Dans le même sens, V. aussi, implicitement : CA Agen (1re ch. com.), 30 avril 2012 : RG n° 11/00746 ; arrêt n° 538-12 ; Cerclab n° 3815 (contrat de change à échéance ajustable conclu par une SARL d’import-export ; exclusion de la protection de l’ancien art. L. 132-1 C. consom., sans évoquer l’ancien art. 1135 également avancé par le demandeur pour fonder le caractère abusif), sur appel de T. com. Cahors, 31 mars 2011 : Dnd.

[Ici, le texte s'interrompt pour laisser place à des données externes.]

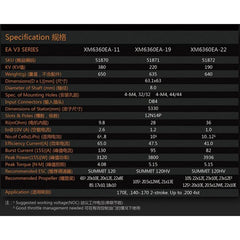 Dual Sky XM6360EA-19 V3 220kv 3800w Brushless Out Runner Motor 635g 10S Prop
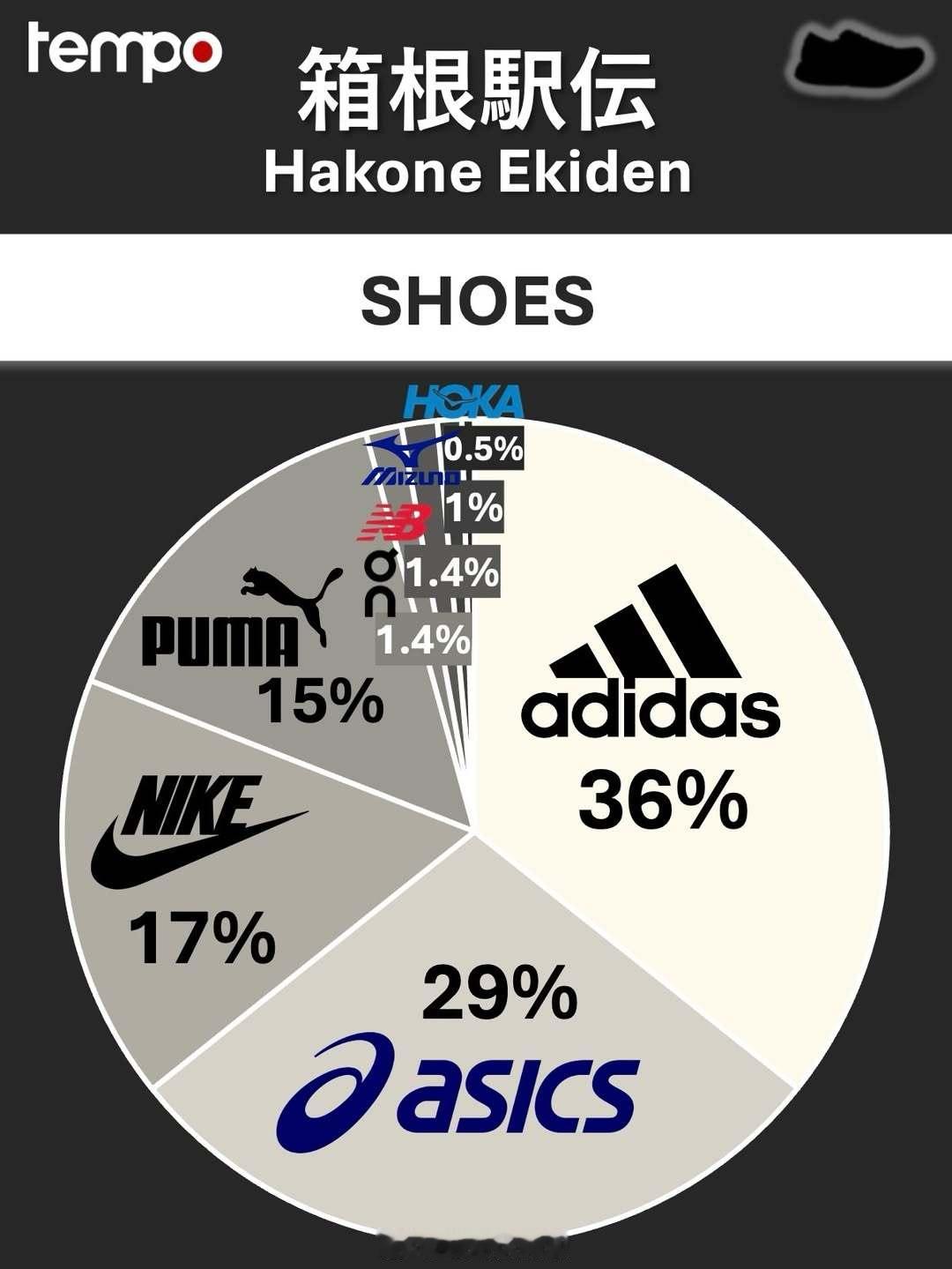 2026年第102回箱根驿传部分跑鞋数据统计。最大的第一印象冲击来自耐克 Nik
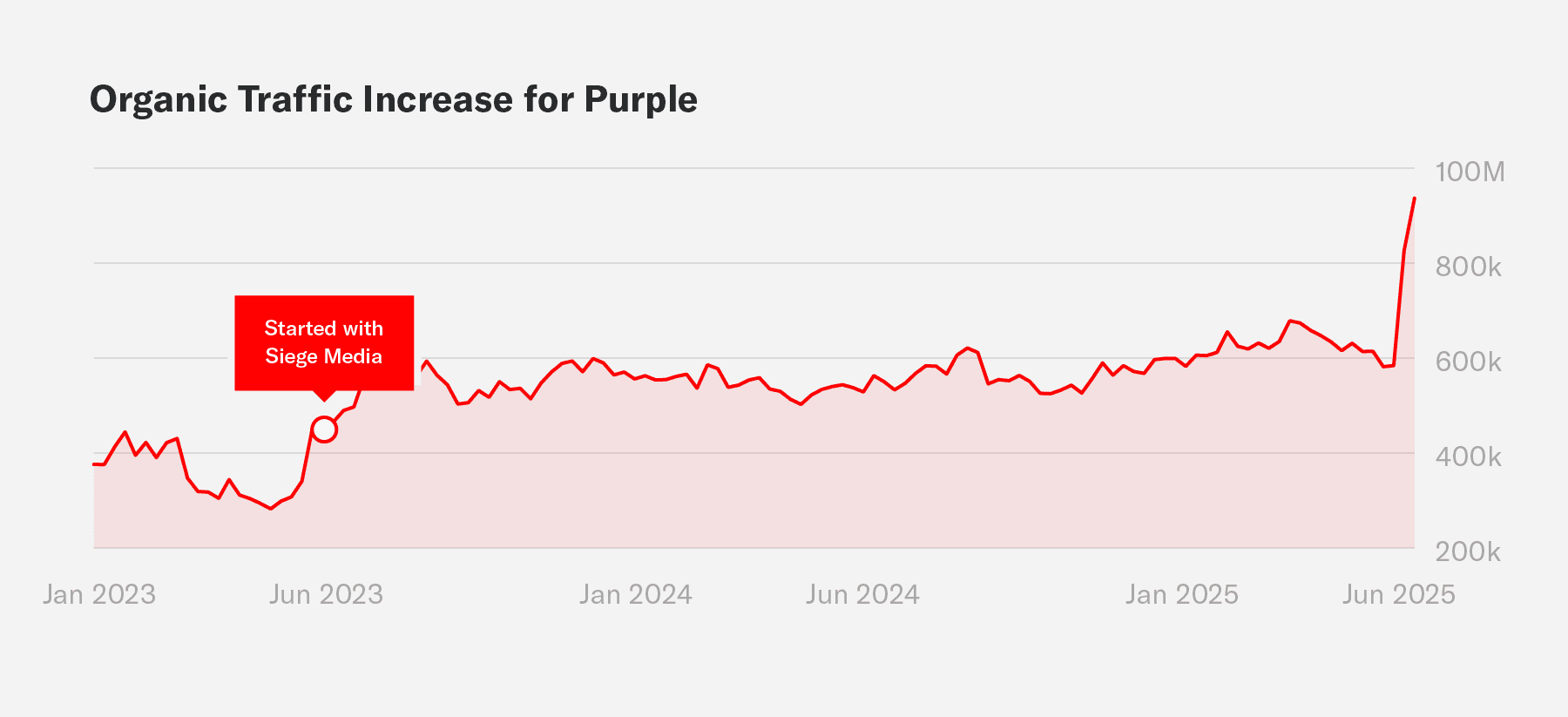 A graph showing the increase of site traffic for Purple's website during an engagement with Siege Media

Admission d’un contrôle des clauses par l’ancien art. 1135. Pour une illustration explicite : si les dispositions de l’ancien art. L. 132-1 C. consom. ne s’appliquent pas à un contrat conclu pour les besoins de l’activité professionnelle, un contrôle judiciaire de la validité de la clause est possible sur le fondement de l’ancien art. 1135 C. civ. [1194 nouveau] ; un délai de régularisation de huit jours, imposé dans un contrat d’irrigation en cas de manquement de l’irrigué à ses obligations, à peine de résiliation de plein droit, n'est pas disproportionné ou excessif au regard de l'économie générale de la convention et des nécessités de l'exploitation d'un réseau d'irrigation, qui implique une surveillance et une réactivité constantes de la part du gestionnaire, auquel la brièveté du délai contractuel de régularisation garantit une réponse immédiate de ses cocontractants. CA Pau (1re ch.), 12 septembre 2011 : RG n° 10/00742 ; arrêt n° 11/3696 ; Cerclab n° 3459 (exploitant agricole ayant utilisé une buse d’approvisionnement en plus de celles lui étant allouées, sans payer la consommation d’eau correspondante), sur appel de TGI Tarbes, 27 janvier 2010 : Dnd. § V. aussi : TI Dijon, 27 septembre 1990 : RG n° 11-90-00593 ; Cerclab n° 622, résumé Cerclab n° 6154), cassé par Cass. civ. 1re, 16 février 1994 : pourvoi n° 91-10313 ; arrêt n° 295 ; Cerclab n° 2089 (relevé d’office sans respect de l’art. 16 CPC) - CA Nîmes (2e ch. B), 20 février 2003 : RG n° 00/686 ; arrêt n° 113 ; Cerclab n° 1066 ; Juris-Data n° 2003-218222 (la clause par laquelle la locataire renonce à toute action envers le loueur, en cas de vice caché de l'objet loué, du fait qu'elle dispose en contrepartie d'une action subrogatoire envers le vendeur de celui-ci, ne constitue pas non plus une clause abusive au sens de l'ancien art. L. 132-1 C. consom. ou de l'ancien art. 1135 C. civ., mais une simple dérogation contractuelle aux dispositions supplétives des art. 1720, 1721 et 1724 C. civ.) - CA Amiens (ch. écon.), 24 mars 2016 : RG n° 14/00672 ; Cerclab n° 5559 (sur le fondement de l'ancien art. 1135, la jurisprudence a admis que sont réputées non écrites des clauses qui portent atteinte à l'équilibre du contrat), sur appel de T. com. Amiens, 17 décembre 2013 : Dnd.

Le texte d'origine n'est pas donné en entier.